Reuters reports:
The U.S. Supreme Court delivered a blow to the rights of workers on Monday by allowing companies to require them to sign away their ability to bring class-action claims against management, agreements already in place for about 25 million employees.
The justices, in a 5-4 ruling with the court’s conservatives in the majority, endorsed the legality of the growing practice by companies to compel workers to sign arbitration agreements waiving their right to bring class-action claims on issues such as overtime wages or gender-based pay disparities either in court or before private arbitrators.
President Donald Trump’s administration last year reversed the government’s stance in the case, siding with the companies after former President Barack Obama’s administration had supported a U.S. National Labor Relations Board decision invalidating such employment agreements.
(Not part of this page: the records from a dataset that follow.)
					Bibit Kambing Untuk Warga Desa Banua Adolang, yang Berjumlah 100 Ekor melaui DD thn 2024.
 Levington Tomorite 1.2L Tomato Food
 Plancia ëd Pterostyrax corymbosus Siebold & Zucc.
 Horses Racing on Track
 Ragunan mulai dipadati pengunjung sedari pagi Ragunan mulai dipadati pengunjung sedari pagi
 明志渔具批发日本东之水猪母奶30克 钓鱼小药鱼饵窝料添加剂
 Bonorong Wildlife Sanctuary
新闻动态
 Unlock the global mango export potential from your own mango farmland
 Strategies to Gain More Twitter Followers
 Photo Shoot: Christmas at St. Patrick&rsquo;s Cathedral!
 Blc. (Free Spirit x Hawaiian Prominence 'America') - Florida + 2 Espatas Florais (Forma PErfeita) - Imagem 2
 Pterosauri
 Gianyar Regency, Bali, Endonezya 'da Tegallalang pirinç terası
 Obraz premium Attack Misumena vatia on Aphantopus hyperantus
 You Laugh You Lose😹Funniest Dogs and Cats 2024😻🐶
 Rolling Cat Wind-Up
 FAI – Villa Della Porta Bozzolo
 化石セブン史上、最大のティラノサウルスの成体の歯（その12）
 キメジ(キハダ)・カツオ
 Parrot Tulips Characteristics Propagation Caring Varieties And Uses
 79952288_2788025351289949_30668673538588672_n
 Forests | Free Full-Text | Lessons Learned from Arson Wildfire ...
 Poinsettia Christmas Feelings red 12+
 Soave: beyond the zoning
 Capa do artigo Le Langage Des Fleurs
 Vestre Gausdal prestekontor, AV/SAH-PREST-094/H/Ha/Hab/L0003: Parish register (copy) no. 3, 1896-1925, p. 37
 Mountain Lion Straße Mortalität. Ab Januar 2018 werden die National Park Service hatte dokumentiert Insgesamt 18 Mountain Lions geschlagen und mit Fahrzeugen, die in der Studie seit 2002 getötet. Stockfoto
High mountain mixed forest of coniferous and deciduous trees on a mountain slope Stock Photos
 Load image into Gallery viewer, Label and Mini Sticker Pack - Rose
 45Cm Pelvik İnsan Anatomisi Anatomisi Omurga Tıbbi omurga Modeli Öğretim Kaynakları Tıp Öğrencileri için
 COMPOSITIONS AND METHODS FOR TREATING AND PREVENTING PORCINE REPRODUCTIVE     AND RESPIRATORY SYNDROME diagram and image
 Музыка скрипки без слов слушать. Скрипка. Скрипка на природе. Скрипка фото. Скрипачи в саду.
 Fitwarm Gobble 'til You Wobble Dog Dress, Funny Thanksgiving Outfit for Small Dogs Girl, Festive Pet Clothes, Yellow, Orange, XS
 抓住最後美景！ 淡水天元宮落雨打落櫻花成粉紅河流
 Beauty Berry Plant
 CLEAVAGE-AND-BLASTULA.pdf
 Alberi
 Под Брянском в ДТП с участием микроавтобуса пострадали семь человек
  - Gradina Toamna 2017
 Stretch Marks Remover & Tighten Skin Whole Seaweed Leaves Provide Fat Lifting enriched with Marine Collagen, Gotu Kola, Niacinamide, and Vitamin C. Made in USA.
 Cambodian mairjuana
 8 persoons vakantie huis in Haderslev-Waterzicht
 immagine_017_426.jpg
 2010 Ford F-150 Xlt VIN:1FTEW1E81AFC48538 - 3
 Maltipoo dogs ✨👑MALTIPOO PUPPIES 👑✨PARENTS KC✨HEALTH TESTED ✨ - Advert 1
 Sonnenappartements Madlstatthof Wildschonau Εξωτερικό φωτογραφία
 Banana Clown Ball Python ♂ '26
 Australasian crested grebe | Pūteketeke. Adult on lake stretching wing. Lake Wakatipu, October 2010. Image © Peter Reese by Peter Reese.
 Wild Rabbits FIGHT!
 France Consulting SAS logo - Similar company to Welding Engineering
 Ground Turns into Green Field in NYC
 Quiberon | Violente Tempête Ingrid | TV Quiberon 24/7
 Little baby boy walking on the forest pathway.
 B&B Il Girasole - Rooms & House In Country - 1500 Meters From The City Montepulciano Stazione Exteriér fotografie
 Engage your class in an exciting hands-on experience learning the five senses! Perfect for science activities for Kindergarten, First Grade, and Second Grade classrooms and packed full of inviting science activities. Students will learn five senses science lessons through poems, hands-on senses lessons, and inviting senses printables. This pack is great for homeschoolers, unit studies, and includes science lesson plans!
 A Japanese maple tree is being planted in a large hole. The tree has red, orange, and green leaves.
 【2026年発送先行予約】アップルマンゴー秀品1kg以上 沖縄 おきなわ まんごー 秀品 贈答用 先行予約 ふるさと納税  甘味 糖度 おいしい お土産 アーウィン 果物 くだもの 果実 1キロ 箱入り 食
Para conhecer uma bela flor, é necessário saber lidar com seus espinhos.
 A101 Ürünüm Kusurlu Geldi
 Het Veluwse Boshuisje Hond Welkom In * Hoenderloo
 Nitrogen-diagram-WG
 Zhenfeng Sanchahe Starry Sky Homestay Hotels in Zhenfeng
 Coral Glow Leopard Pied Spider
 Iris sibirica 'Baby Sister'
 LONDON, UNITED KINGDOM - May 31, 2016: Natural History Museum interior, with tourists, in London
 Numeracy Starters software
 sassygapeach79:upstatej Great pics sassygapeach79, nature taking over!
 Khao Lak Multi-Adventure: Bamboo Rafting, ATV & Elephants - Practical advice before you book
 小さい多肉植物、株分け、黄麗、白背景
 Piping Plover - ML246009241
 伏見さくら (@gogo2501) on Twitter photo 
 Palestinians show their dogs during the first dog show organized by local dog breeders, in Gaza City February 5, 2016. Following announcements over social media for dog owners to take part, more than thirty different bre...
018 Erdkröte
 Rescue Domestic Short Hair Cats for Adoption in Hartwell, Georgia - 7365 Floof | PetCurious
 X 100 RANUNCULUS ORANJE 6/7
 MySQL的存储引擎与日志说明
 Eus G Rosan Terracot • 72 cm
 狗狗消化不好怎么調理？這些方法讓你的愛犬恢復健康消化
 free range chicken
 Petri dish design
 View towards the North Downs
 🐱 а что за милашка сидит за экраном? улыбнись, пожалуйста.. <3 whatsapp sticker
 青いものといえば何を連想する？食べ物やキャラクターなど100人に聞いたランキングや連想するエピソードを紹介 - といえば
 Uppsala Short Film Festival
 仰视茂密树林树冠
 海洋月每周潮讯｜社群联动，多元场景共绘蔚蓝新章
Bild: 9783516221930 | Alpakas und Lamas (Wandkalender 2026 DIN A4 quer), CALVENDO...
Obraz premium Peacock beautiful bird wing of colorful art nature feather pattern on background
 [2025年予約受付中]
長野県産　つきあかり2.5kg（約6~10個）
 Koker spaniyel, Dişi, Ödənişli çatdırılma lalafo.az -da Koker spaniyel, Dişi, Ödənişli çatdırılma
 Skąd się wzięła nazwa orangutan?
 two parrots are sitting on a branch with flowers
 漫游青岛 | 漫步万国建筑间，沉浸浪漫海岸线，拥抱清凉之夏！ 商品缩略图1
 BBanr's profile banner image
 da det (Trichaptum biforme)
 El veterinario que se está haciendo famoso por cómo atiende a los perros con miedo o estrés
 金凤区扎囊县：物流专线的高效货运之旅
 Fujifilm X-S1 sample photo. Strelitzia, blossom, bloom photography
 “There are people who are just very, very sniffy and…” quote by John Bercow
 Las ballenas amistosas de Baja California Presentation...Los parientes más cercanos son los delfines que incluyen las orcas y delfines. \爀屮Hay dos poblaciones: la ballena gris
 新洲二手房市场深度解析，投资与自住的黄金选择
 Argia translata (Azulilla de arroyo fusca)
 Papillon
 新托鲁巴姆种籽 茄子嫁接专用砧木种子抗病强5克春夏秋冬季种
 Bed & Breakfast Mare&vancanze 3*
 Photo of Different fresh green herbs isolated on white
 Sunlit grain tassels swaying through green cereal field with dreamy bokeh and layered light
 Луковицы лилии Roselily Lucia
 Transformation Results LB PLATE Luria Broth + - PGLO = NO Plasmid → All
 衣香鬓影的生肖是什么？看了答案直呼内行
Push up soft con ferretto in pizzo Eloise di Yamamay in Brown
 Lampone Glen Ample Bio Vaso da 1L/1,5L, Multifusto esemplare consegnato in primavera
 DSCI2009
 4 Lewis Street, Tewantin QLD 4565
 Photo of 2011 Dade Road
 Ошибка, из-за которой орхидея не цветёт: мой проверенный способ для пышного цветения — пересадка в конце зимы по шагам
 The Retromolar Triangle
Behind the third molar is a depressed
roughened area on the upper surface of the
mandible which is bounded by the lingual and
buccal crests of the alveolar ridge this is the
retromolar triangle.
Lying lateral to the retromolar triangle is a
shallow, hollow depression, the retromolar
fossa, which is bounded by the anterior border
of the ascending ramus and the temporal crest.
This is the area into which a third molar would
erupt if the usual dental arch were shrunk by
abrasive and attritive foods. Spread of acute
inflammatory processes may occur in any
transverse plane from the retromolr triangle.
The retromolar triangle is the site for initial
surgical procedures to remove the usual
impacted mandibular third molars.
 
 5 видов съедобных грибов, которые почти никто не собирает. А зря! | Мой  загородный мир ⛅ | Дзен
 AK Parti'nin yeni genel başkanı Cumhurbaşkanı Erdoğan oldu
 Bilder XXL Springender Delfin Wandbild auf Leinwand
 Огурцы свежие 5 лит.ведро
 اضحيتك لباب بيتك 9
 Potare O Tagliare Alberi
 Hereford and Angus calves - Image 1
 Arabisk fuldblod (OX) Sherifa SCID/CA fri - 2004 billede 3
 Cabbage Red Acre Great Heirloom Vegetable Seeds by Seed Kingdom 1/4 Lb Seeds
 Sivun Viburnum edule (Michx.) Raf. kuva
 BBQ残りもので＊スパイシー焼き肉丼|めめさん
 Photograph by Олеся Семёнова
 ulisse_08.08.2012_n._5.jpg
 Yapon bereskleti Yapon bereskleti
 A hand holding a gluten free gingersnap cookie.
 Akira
An awful 5–4 decision in Epic Systems, written by Gorsuch, lets employers force their workers to sign agreements that shunt them into one-on-one arbitration, wiping out their ability to sue in federal court collectively. A massive blow to class actions. https://t.co/3YtdU3BI2Q
— Mark Joseph Stern (@mjs_DC) May 21, 2018
Gorsuch writes for a conservative majority. Ginsburg calls decision “egregiously wrong,” is reading her dissent from the bench. https://t.co/C8R5iYrHjv
— Angus Johnston (@studentactivism) May 21, 2018
1st decision from #SCOTUS is Epic. 5-4, upholding employers’ ability to use boilerplate contract language to bar class-action suits over workplace issues. Majority by Gorsuch sees no conflict with fed labor law.